植物と私の365日
じゅん先輩
一日目:ある日突然の出会い
植物を育てるということに、30年以上生きてきて興味を持ったことは一度もなかった。ベランダが広いこの家に引っ越してきて、私は軽い気持ちでハーブを育てた。あっという間に生い茂ったカモミールを満足気に眺めたのもつかの間、冬になればそれらはすっかり姿を消して、白い花で賑わったプランターは、そこに花々が咲き乱れたことなどなかったことのように荒廃した。
冬の冷え込みで土の正面はすっかり乾いてきた頃。見向きもしなくなったプランターの中央に、緑色の葉が生えているのに気が付いた。水は一度もあげておらず、カモミールが枯れた後に種をまいた記憶もない。それにここはベランダといっても3階に位置していて、地続きの土から紛れこむような環境ではない。
私は興味本位でそれを観察することにした。
どうせ雑草だと思いながら観察すると、その葉は円状広がって、土を這った。調べてみると「ロゼット」という葉の茂り方のことを指すらしい。ロゼットで一般的に思い浮かぶのは、タンポポではないだろうか。切れ込んだ葉の感じがタンポポに似ていなくもない。私は春が待ち遠しくなった。

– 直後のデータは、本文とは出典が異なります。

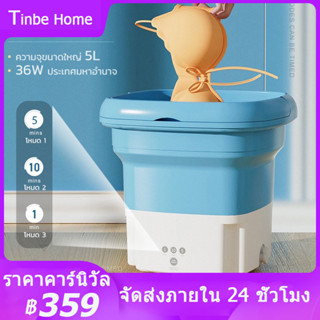 เครื่องซักผ้าmini ปั้นแห้ง 4.5L แถมตะกร้า+ท่อน้ำทิ้ง พับได้ พกพา foldable mini washing เครื่องซักผ้ามินิ ถังซักผ้ามินิ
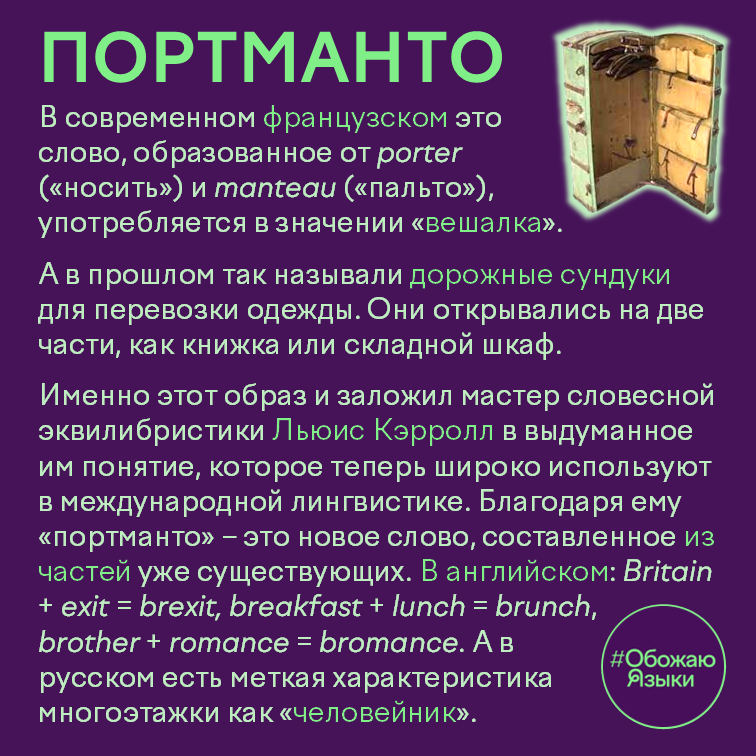 Портманто – слова-чемоданы вроде brexit, brunch, bromance и «человейник», термин Льюиса Кэрролла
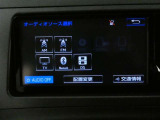 【オーディオ選択画面】AM/FMの切替や、交通情報もこちらの画面から選択できます。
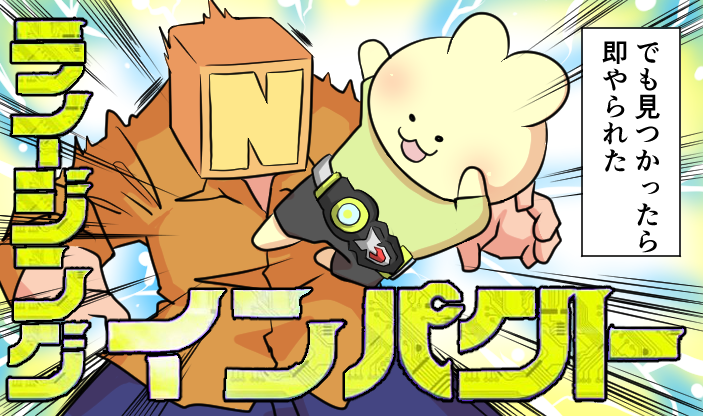日々のつぶやき。
変身、一つ一つ動作を確認するようにやってるのが本当に可愛い。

ある日、タンポポだと思っていた謎の生物がそれとは全く違う植物であると、思い知った。ロゼットの中央部から伸びた茎はタンポポにしては頑丈で、立派すぎた。タンポポは茎から葉を出したりしないことぐらい、よく目にする植物だからわかっていた。ところが、この植物は茎からたくさんの葉を生い茂らせ、どんどんと背丈を伸ばしてく。

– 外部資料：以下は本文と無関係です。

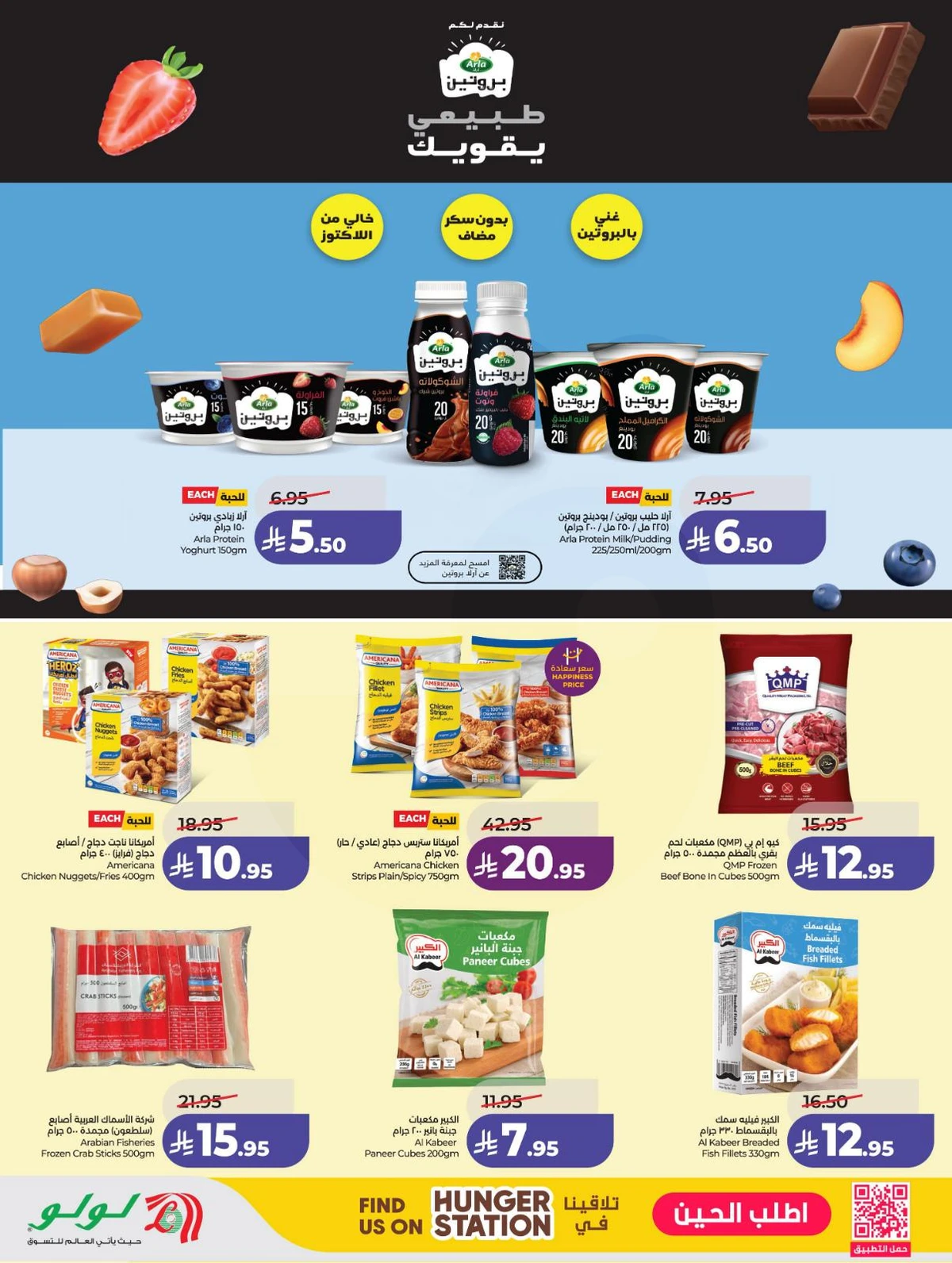 POWER DEALS - Page 18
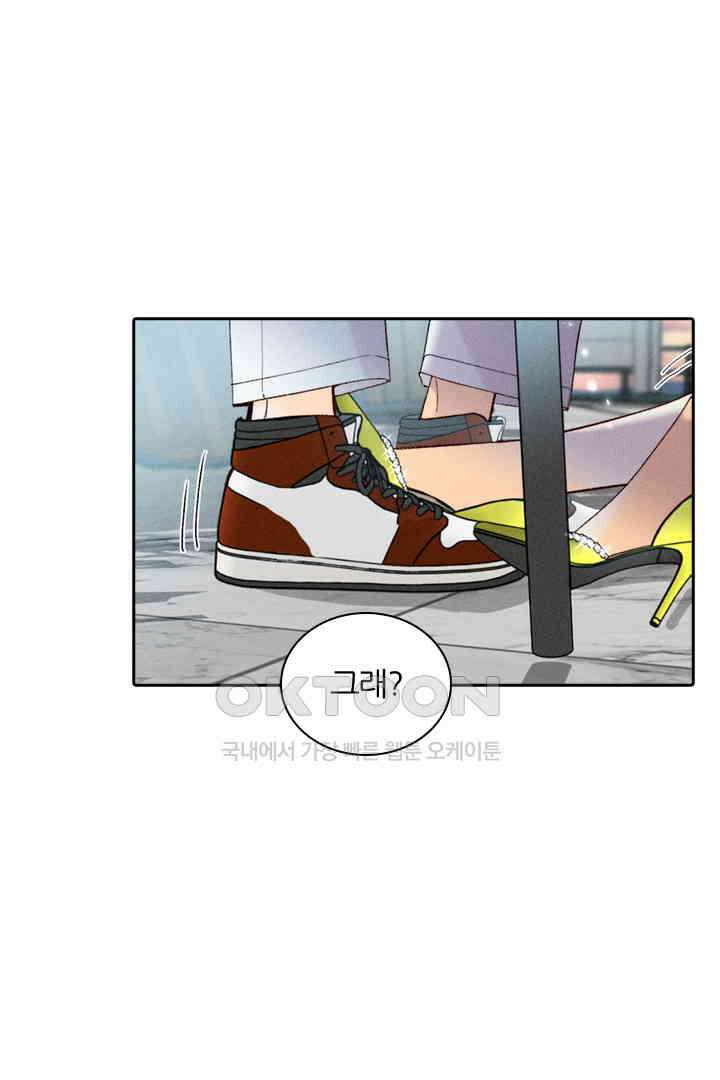 단짠단짠 내남친 029 9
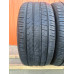 Pirelli Cinturato P7 Pirelli Cinturato P7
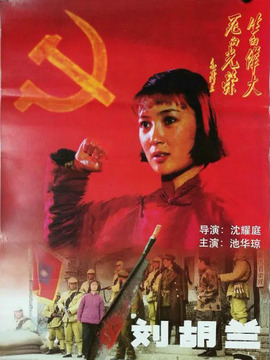 刘胡兰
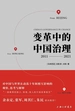 变革中的中国治理（2011-2021）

それでも、私はそれが何だか調べようかという気にはならなかった。サプライズ的な何かを自分の中で期待して、春先に素晴らしい花をつけると思ったからだ。
ところが、春先になっても、茎が1メートル以上伸びても、花をつける様子もない。いよいよ伸び終えたのか、夏の日差しが強くなってきた頃に、頂あたりに蕾らしきものを確認した。どうみてもそこらに生えている雑草に違いないが、花は綺麗であってほしいなどと最後の望みを託した。しかし、いつまでたっても花開かず、きゅっと丸みを帯びた蕾がたくさん実らせただけだった。

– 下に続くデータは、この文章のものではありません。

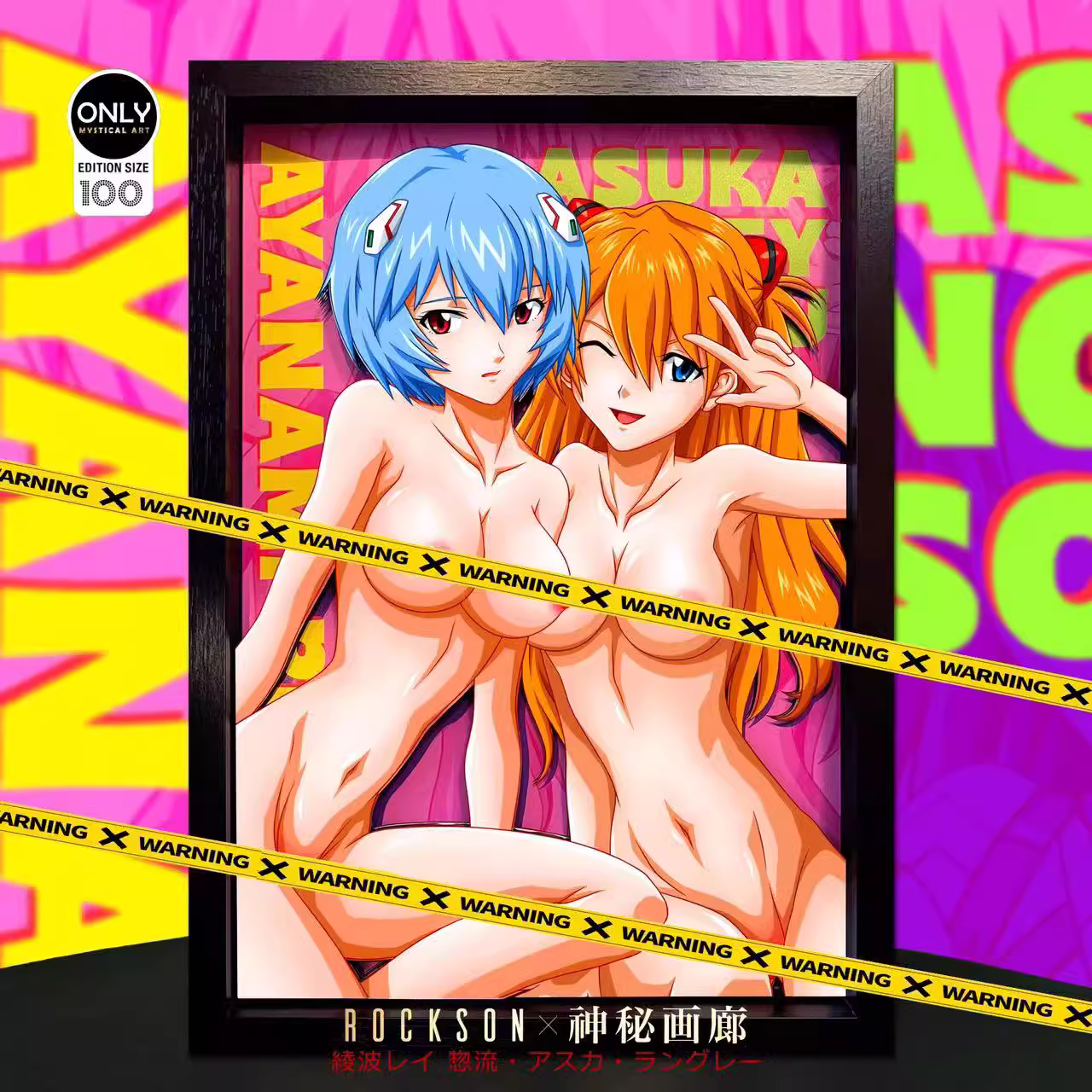【Pre-sale】Decorative Painting of Ayanami Rei & Asuka Langley Soryu-EVA-Mystical Art Studio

蕾のまま花が咲かないなんていうことがあるのか。蕾が開いて、花が咲くのではないのか。私は混乱した。
そもそも、稲は花が咲くのか。よく考えてみると、見たことがないような気がする。それでは道端によく穂を垂らしているあのねこじゃらしはどうなのか。あれも花らしい花を見たことがない。
いよいよ私はプランターの植物の正体を調べることにした。
結果、ある程度想像はついていたけが、それは花らしい花を咲かせないことに加え、花弁がほぼ目立たず蕾のままのように見える植物があることを知ることになる。その名は、オオアレチノギク。ただの雑草どころか、日本生態学会によって日本の侵略的外来種ワースト100に選定されていて、外来生物法にて生態系被害防止外来種となっているものだった。分かっていてもがっかりした気持ちと衝撃は大きく、私はあっさりとそれをプランターから抜き去った。
その一件から、私は道端にあるただの草や、よく分からない花を調べるようになった。通勤途上の土手に、オオアレチノギクが群生していることに気が付くのは、それから間もないことである。
※補足
外来生物法にて、特定外来種と指定されている植物は輸入、販売、飼育・栽培・保管・運搬が禁止されています。オオアレチノギクに関しては生態系被害防止外来種であり、取り扱いに注意とありますが、基本的に育ててよい分類のものではないため、駆除してください。